AMD’s VP of AI Software, Anush Elangovan, has used Claude Code to help craft a pure-Python AMD GPU user-space driver. This Python user-space driver is currently being created to help exercise other ROCm code and for debugging in passing through the ROCm/HIP user-space stack.
Anush was inspired by Tinygrad’s user-space AMD GPU driver implementation and with Claude AI has created a user-space driver for stress testing of SDMA and compute/communications overlap debug. Anush posted on X: “I didn’t open the editor once. [AI] Agents are the great equalizer in software. And Speed is the moat.“
With further work, the user-space driver has also been working on compute bound kernel support too.
This user-space driver is currently being developed via this GitHub branch. The initial commit explains as of the first features in place:
“Add pure-Python AMD GPU userspace driver
A standalone Python driver that talks directly to /dev/kfd and /dev/dri/renderD* via ctypes ioctls, bypassing the ROCm/HIP userspace stack. Supports KFD backend with pluggable architecture for future bare-metal PCI (AM) backend.Features:
– KFD ioctl bindings (queue, memory, events)
– GPU family registry (RDNA2/3/4, CDNA2/3)

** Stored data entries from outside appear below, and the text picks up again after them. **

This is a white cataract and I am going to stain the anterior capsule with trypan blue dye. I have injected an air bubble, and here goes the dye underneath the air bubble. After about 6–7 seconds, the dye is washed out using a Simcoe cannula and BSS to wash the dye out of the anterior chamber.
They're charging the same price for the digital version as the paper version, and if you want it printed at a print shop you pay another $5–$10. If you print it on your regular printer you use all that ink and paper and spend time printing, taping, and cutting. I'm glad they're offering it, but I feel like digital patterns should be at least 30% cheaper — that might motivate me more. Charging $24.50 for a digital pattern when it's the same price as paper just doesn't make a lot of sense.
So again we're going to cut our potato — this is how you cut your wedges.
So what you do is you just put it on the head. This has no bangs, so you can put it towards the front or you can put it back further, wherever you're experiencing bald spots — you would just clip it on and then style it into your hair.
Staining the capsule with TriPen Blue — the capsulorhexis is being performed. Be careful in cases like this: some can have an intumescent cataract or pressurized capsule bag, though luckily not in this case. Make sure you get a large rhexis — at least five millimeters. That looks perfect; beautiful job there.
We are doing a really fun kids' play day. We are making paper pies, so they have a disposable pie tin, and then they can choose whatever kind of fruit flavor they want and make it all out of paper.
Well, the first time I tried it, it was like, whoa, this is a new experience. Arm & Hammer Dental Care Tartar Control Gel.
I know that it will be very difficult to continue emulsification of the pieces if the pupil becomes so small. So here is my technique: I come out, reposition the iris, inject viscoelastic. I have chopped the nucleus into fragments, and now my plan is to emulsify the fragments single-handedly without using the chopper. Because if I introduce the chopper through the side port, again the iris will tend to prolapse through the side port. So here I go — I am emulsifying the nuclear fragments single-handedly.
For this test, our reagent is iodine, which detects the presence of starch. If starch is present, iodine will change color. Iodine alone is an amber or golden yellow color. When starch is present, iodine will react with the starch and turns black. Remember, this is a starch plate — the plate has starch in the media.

– SDMA copy engine with linear copy and fence packets
– PM4 compute packet builder (dispatch, release_mem, etc.)
– Timeline semaphore for GPU-CPU synchronization
– Topology parser for /sys/devices/virtual/kfd/kfd
– ELF code object parser for kernel loading
– 130 tests passing (unit + integration on MI300X/gfx942)Co-Authored-By: Claude (claude-opus-4-6)”
Over the past two days this pure-Python AMD user-space driver has been extended to include multi-GPU support, compute-bound kernels, and other functionality. It will be interesting to see where work on this Python-based AMD GPU user-space driver leads.